Field Guide

Complete Guide

Fluid is a Kubernetes-native orchestrator for data-intensive workloads — AI training, big data, analytics — whose bottleneck is fetching remote data from object stores like S3, OSS, or HDFS. Instead of jobs pulling straight from remote storage every time, Fluid introduces the concept of a Dataset CRD backed by a distributed cache engine that runs alongside the compute workloads.

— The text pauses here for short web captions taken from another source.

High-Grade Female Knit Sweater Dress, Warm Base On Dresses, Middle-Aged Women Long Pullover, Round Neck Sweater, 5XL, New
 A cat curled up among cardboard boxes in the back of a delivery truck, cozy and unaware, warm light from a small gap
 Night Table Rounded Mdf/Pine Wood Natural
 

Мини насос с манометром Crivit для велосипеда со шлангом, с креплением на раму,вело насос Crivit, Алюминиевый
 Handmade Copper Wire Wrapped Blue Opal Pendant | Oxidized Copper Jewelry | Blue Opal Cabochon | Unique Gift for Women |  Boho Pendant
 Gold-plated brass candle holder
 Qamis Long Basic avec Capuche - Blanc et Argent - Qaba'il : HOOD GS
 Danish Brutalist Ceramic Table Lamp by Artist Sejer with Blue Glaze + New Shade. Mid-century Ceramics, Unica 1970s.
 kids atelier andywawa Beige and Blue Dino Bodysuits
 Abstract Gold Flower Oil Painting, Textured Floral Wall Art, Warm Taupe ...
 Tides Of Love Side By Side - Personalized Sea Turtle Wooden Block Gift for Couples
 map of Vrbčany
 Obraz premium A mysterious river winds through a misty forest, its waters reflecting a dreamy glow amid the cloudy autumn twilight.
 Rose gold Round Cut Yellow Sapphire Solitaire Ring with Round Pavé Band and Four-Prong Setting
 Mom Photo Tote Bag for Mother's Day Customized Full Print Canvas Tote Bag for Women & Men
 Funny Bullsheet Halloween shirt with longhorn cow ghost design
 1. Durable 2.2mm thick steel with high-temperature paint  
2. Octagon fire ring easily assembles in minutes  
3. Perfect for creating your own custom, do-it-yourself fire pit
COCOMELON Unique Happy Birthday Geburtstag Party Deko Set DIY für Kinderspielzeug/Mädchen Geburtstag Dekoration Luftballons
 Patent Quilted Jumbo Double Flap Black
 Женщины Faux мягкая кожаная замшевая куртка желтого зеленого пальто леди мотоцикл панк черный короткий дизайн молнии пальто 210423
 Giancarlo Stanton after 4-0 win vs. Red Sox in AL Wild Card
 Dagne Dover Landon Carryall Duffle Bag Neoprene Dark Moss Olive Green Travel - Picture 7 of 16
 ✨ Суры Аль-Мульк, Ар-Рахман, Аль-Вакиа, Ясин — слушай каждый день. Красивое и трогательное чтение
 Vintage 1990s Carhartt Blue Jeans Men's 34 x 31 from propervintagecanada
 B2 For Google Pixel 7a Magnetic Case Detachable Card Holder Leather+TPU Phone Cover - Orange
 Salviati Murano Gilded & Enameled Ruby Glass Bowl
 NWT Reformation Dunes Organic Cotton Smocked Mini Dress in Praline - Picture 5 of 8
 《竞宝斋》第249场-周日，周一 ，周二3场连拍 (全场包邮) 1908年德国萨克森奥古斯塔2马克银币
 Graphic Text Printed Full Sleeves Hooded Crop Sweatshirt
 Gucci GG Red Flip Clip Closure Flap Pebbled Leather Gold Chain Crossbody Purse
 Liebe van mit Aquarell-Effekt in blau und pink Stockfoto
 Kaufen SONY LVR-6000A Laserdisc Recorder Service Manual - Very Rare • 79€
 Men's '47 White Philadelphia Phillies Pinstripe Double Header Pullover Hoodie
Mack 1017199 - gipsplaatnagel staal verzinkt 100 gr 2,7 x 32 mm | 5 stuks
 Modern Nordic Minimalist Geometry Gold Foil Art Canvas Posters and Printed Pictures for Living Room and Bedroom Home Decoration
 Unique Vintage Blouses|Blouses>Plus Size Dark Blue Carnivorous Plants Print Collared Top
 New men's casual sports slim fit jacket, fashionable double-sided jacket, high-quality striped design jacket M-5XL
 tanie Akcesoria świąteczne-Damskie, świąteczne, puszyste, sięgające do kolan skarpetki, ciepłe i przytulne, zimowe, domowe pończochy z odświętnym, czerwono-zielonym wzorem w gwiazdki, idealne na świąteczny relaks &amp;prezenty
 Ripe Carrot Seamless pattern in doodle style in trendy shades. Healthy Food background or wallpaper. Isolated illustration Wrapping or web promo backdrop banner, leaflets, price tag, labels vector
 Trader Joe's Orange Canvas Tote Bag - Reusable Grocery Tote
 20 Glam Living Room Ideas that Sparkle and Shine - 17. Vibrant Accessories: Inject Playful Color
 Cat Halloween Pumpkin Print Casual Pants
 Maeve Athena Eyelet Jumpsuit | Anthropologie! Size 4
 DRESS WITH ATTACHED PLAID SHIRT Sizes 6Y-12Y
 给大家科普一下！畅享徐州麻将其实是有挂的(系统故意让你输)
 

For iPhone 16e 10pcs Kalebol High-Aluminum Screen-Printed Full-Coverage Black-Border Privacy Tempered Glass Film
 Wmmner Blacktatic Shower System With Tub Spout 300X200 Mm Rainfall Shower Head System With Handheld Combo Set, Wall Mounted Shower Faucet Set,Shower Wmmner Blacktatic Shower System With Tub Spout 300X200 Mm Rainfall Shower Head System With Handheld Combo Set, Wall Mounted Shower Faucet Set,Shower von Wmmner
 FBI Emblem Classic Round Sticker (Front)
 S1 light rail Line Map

The architecture decouples “what data you want” (Dataset) from “how it’s cached” (Runtime). Fluid plugs into multiple cache engines — Alluxio, JuiceFS, JindoFS, GooseFS, Vineyard — and provisions them as Kubernetes resources. When a pod mounts a Dataset, Fluid’s scheduler extender prefers nodes where the relevant cache blocks already live, so training jobs read from a co-located cache over loopback or the local network instead of pulling terabytes across WAN links on every epoch. Warmup, preload, and eviction are all controlled through CRDs.

Fluid came out of Alibaba and Nanjing University and is a CNCF Incubating project. It’s most compelling when you’re doing repeated, read-heavy access to the same large dataset — ML training on a shared corpus is the canonical example — and your object store egress costs or latency have become the thing limiting GPU utilization.